Okay so to be more specific, here are the problems that I think such a data utopia would need to solve:
- Safeguarding privacy of the contributing individuals. This is goal number one — none of us wants to live in a world filled with surveillance.
- Individuals need to be able to specify what data they’re comfortable sharing with science-of-science researchers, if any.
- Individuals need to be able to specify how that data is to be used (e.g. for public research only; for private research conditional on payment, etc.)
- Individuals need to be able to specify who is able to access and analyze the data
- Safeguarding the technical security of the data. All of (1) is for naught if the database is unsecure
- Unify individual-level and project-level data horizontally, across steps of the scientific process. That is, we would want to see as a given project advances from the idea-stage, to funding, to team formation, to experiments/modelling, to writing up the results, to presenting at conferences, to publication. Obviously these steps will look different for every project, but the point is we want a view of the same project over time, from start to finish.
- Unify individual-level and project-level data vertically, across disparate tools. That is, say Person A uses Microsoft Word to write their research paper, and Person B uses LaTeX Studio, and Person C uses Overleaf. These are all in the same stage of the scientific process — writing up the results — but right now there is no standardized metadata format to compare the writing done with each tool. So, we would need some standardization in the way these metadata are captured. Same thing goes for say, conference presentations — we should be able to represent a paper presentation at NeurIPS or at NBER in a standardized way, despite that they’re very different conferences serving a very different set of researchers.
So that sounds like a pipe dream.
But, I’m optimistic that these are solvable problems, and that some form of a data trust can solve them.
What is a data trust?
I don’t really know! I’m only just learning about them. My high-level understanding is this: it is a professionally-managed, legal organization which mediates the relationship between individuals who can provide their own data, and third-parties (say, academic researchers) who want to analyze that data.
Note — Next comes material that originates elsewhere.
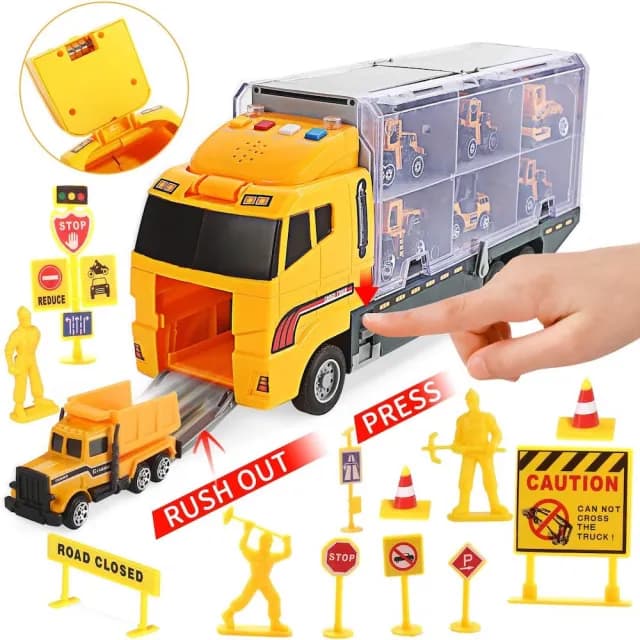 【CuteStone】兒童工程小汽車與聲光運輸車海鷗號套裝玩具25件組(玩具車 生日玩具 兒童益智玩具)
Critically, my understanding is that the professional managers of the data trust have a legal duty to the contributing individuals to act on their behalf, with their best interests in mind.
In practice, I think what that means is something like this: someone like the Sloan Foundation funds the creation of a new Science-of-Science Data Trust, whose explicit legally mandated purpose is to advance science-of-science research on behalf of anyone contributing data to the Trust.
The managers of the Trust go out to universities, national labs, etc., and try to convince some researchers to set up a data pipeline into the Trust (I’m sure they also need to negotiate with the university/lab lawyers — seems easy!). At this step, and through some always-available mechanism (say a web UX), the individual researchers contributing data would be able to specify their requirements for privacy as in (1) above — what data they’re willing to share, with whom, and for what purpose is that data able to be used. Said data pipelines would then send structured data about the scientific process of the contributing researchers to databases managed by the Trust.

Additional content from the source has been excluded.